Ist das Leben nicht schön? Auch die von Frank Capra inszenierte Grundidee könnte man philosophisch betrachtet über den Schlüsselbegriff der Kontingenz (ich übersetze ihn hier schlicht mit dem Begriff des Zufälligen) erschließen. Lebenslaufbezogen gilt Niklas Luhmanns These, wonach „die Komponenten eines Lebenslaufs aus Wendepunkten bestehen, an denen etwas geschehen ist, was nicht hätte geschehen müssen (Luhmann: Schriften zur Pädagogik, Frankfurt 2004, S. 267). In dieselbe Kerbe schlägt Odo Marquardt mit seiner Behauptung, dass wir alle weit mehr unsere Zufälle als unsere Wahl seien. Zu beantworten bleibt immer die Frage, wie wir uns zu der schicksalszufälligen Tatsache unserer Geburt stellen und danach mit und in unserem Leben unterscheidungsfähig werden im Sinne des Reinhold Niebuhr zugeschriebenen Aphorismus: „Gott gebe mir die Gelassenheit, Dinge hinzunehmen, die ich nicht ändern kann, den Mut, Dinge zu ändern, die ich ändern kann, und die Weisheit, das eine vom anderen zu unterscheiden.“

In der individuellen Ausprägung dieser Unterscheidungsfähigkeit könnte man den Reifegrad ermessen, der uns zu einer gleichermaßen selbstbewussten wie verantwortlichen Grundhaltung befähigt, die aus der Sicht eines Vaters und Großvaters nicht ohne Demut vorstellbar ist.
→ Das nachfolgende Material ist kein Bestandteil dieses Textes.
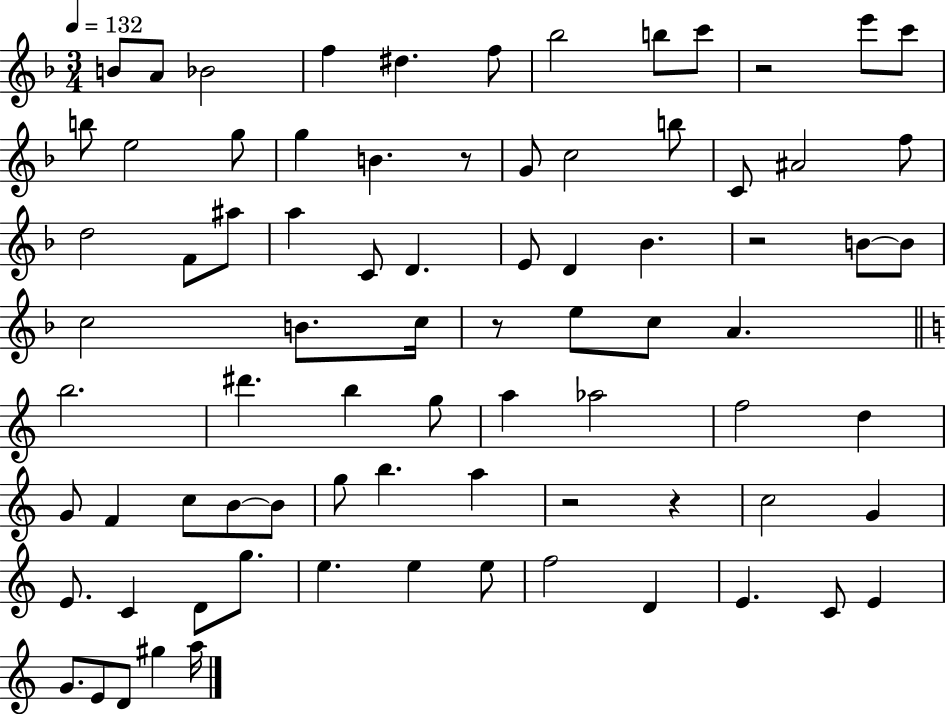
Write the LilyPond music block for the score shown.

{
  \clef treble
  \numericTimeSignature
  \time 3/4
  \key f \major
  \tempo 4 = 132
  b'8 a'8 bes'2 | f''4 dis''4. f''8 | bes''2 b''8 c'''8 | r2 e'''8 c'''8 | \break b''8 e''2 g''8 | g''4 b'4. r8 | g'8 c''2 b''8 | c'8 ais'2 f''8 | \break d''2 f'8 ais''8 | a''4 c'8 d'4. | e'8 d'4 bes'4. | r2 b'8~~ b'8 | \break c''2 b'8. c''16 | r8 e''8 c''8 a'4. | \bar "||" \break \key a \minor b''2. | dis'''4. b''4 g''8 | a''4 aes''2 | f''2 d''4 | \break g'8 f'4 c''8 b'8~~ b'8 | g''8 b''4. a''4 | r2 r4 | c''2 g'4 | \break e'8. c'4 d'8 g''8. | e''4. e''4 e''8 | f''2 d'4 | e'4. c'8 e'4 | \break g'8. e'8 d'8 gis''4 a''16 | \bar "|."
}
Denn – wie Odo Marquard weiter ausführt:

„Wir sind - aus Schicksalszufall - durch Geburt zum Tode verurteilt, d.h. zu jener Lebenskürze, die uns nicht die Zeit lässt, uns aus dem, was wir zufällig schon sind, in beliebigem Umfang davonzumachen; unsere Sterblichkeit zwingt uns, jener Schicksalszufall, der für uns unsere Vergangenheit ist, zu 'sein', d.h. überwiegend zu bleiben. Zu dieser Vergangenheit gehören - entscheidend und wesentlich - jene Zufälle, die unsere Üblichkeiten sind, die wir nicht erst wählen, sondern in denen wir stecken. Sie könnten ganz andere sein, aber wir - vita brevis - können sie überwiegend nicht ändern. Es ist ja nicht so, dass wir sie erst sozusagen aussuchen müssten, sondern wir haben sie stets schon und können sie - und brauchen sie - überwiegend nicht loswerden: sie sind Schicksalszufälle […] Denn wohl sind unsere Üblichkeiten stets mehr unsere Zufälle als unsere Wahl: doch sie sind nicht beliebigkeitszufällig, sondern schicksalszufällig (Odo Marquard, Stuttgart 2015, S. 158f.).“

Ist das Leben nicht schön? George Bailey will sich (also) davon machen und erhält von Clarence – dem ihm zugewiesenen Engel (der im  Übrigen immer noch auf seine Flügel wartet) eine Lektion. Die Lektion zeigt ihm, wie die Welt gelaufen wäre ohne ihn. Die ihm von Clarence vorgeführte brutale Gegenwelt läutert ihn, macht ihn bescheiden und demütig zugleich – und lässt ihn begreifen, dass sein Leben Sinn macht, dass die schicksalszufällige Tatsache seiner Geburt ihn gleichermaßen in die Pflicht nimmt. Die Rolle rückwärts, die er nun voller Begeisterung vollzieht, führt dann schließlich doch (noch) zu der weihnachtlichen Befriedung einer immer bedrohten Welt. Gleichzeitig wird zumindest deutlich, dass wir Bedrohung abwenden/abmildern können, durch unsere tätiges, verantwortliches Handeln in dieser Welt – auch gegen Widerstände, das heißt ausgestattet mit dem Reifezeugnis, das sich in dem weiter oben erwähnten Aphorismus Reinhold Niebuhrs offenbart:

So kommen wir dann möglicherweise – auch ohne Gott – zu der Einsicht, die uns Odo Marquard anbietet:

„Die Erfahrung des Überwiegens und der Lebensbedeutsamkeit jener Zufälle, die uns prägen, obwohl sie gerade nicht in unserem Belieben stehen (also nicht der Beliebigkeitszufälle, sondern der Schicksalszufälle), ist eine Alterserfahrung, die man schon früh im Leben machen kann, weil ebenso gilt:  jeder – auch der jüngste – Mensch ist schon alt, d.h. so nah dem Tode, dass er jedenfalls nicht die Zeit hat, die Zufälligkeit der Zufälle, aus denen sein Leben besteht, in nennenswerter Weise zu löschen (ebd., S. 160).“

Es ist klar gegen welche Denkrichtung sich diese Apologie des Zufälligen positioniert. Sie bringt sich in Stellung gegen die existentialistische Absolutmachung des Menschen, die (wie Jean Paul Sartre) postuliert: Wir sind nichts als unsere Wahl!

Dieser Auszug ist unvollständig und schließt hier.